§ **Work required**: The material below has pictures in it. Set down only the lines from the line containing "Hamadan Teppich - 8974962" through the line containing "TiTon 120 cm", word for word, and leave the pictures behind.

§ **Data supplied**:
§

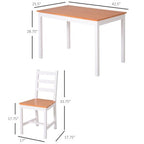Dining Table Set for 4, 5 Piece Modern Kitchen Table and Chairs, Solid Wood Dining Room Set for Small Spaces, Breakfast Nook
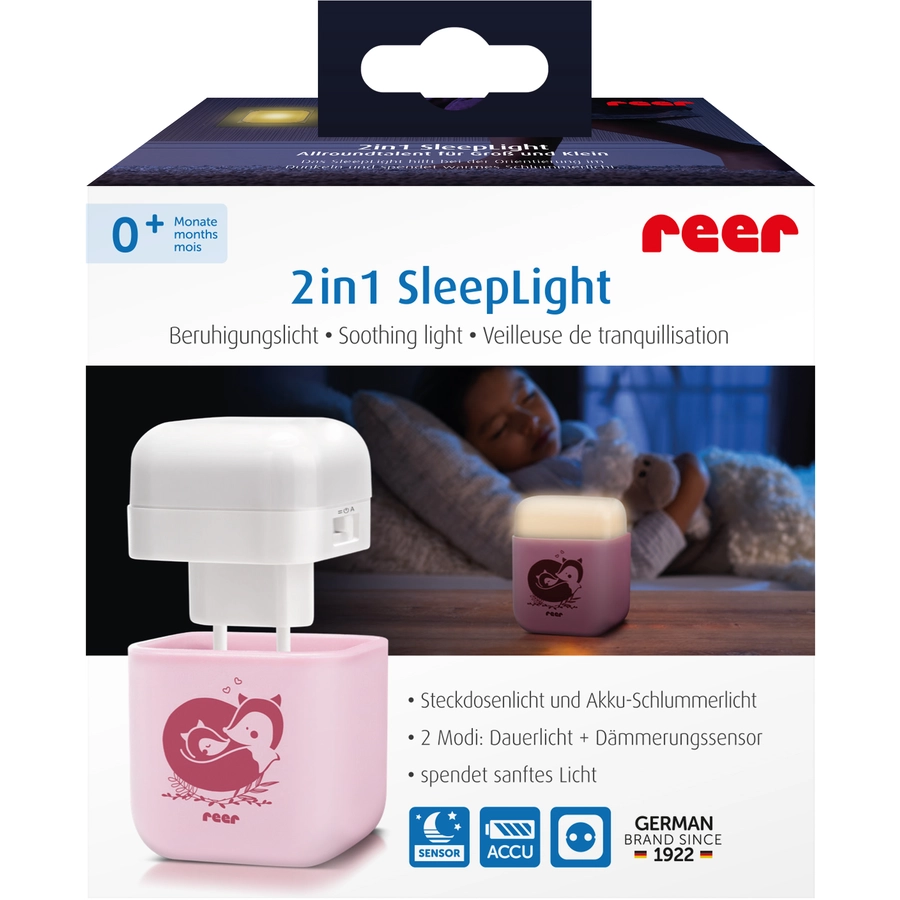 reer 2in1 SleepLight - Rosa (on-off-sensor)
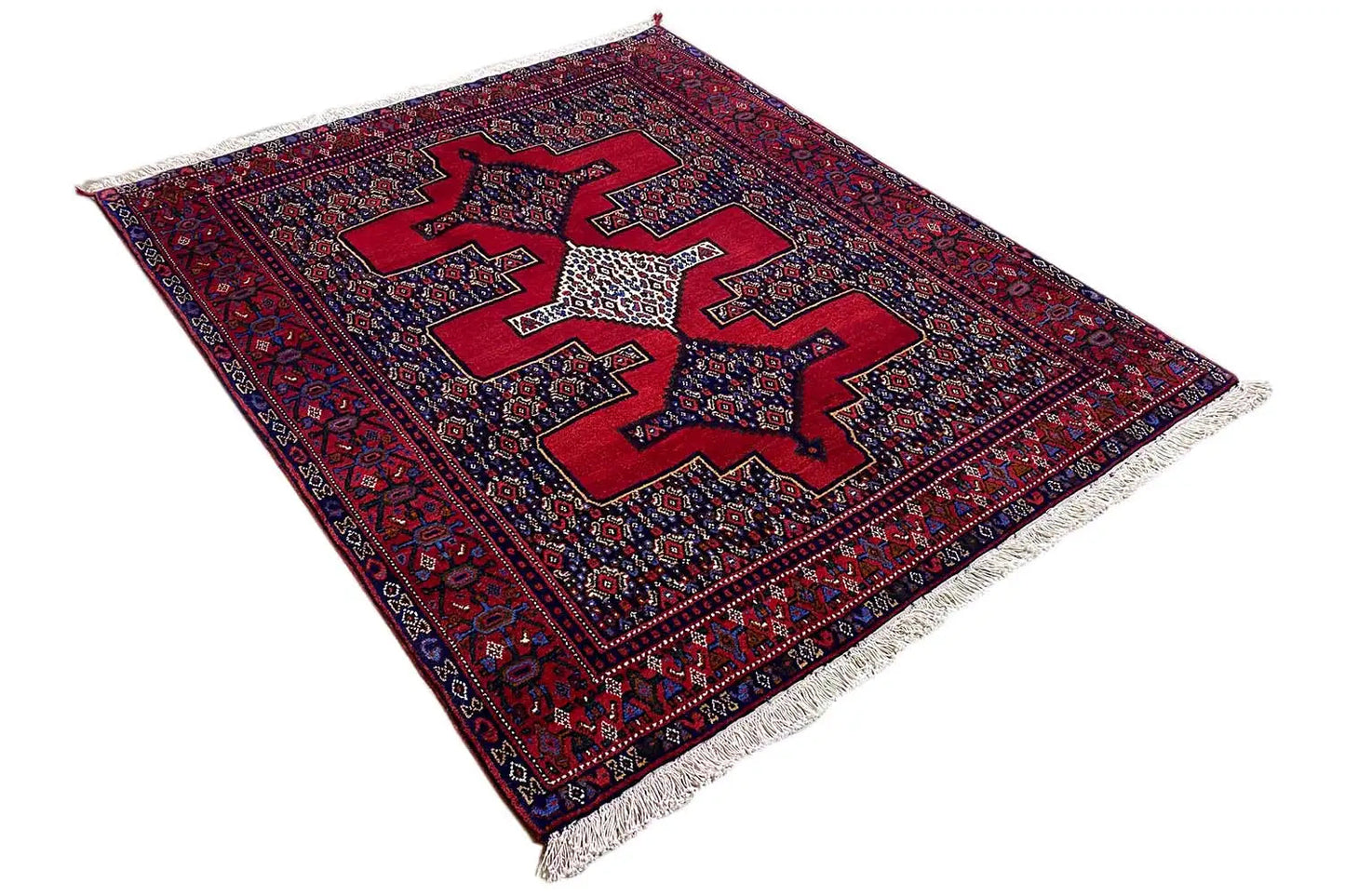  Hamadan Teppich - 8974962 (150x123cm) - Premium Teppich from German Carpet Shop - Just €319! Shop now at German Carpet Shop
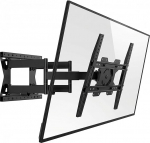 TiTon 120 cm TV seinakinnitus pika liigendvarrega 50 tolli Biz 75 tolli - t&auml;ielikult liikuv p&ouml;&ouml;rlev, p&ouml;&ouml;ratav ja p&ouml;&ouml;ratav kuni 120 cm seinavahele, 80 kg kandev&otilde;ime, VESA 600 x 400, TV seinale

§

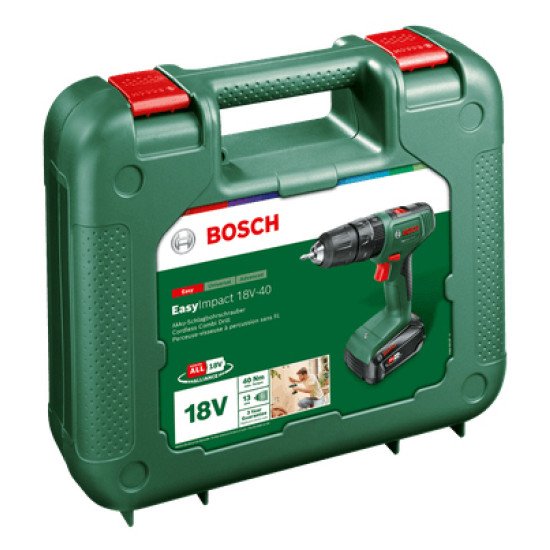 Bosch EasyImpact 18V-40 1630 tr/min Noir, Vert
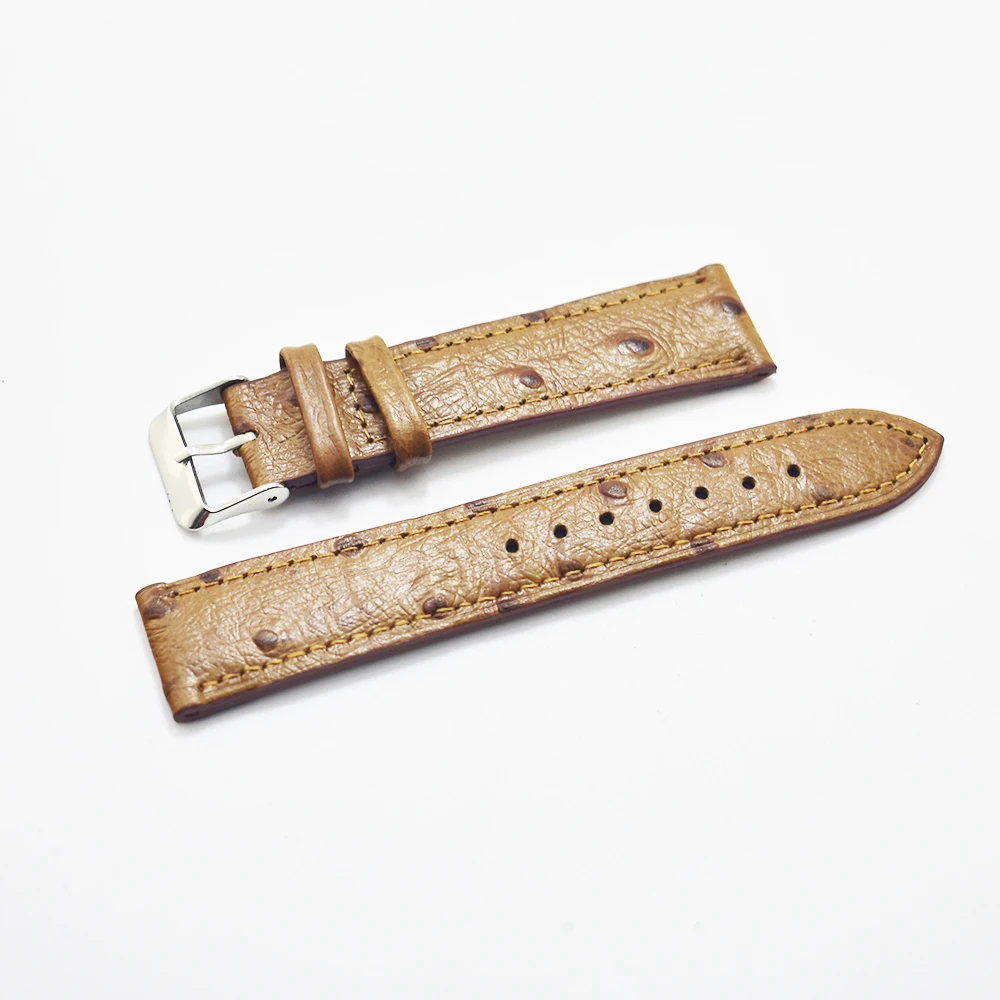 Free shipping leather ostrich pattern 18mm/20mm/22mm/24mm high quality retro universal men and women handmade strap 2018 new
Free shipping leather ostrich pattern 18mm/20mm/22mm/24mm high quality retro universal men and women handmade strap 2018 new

§

§ **Output of the exercise**:
  Hamadan Teppich - 8974962 (150x123cm) - Premium Teppich from German Carpet Shop - Just €319! Shop now at German Carpet Shop
 TiTon 120 cm TV seinakinnitus pika liigendvarrega 50 tolli Biz 75 tolli - t&auml;ielikult liikuv p&ouml;&ouml;rlev, p&ouml;&ouml;ratav ja p&ouml;&ouml;ratav kuni 120 cm seinavahele, 80 kg kandev&otilde;ime, VESA 600 x 400, TV seinale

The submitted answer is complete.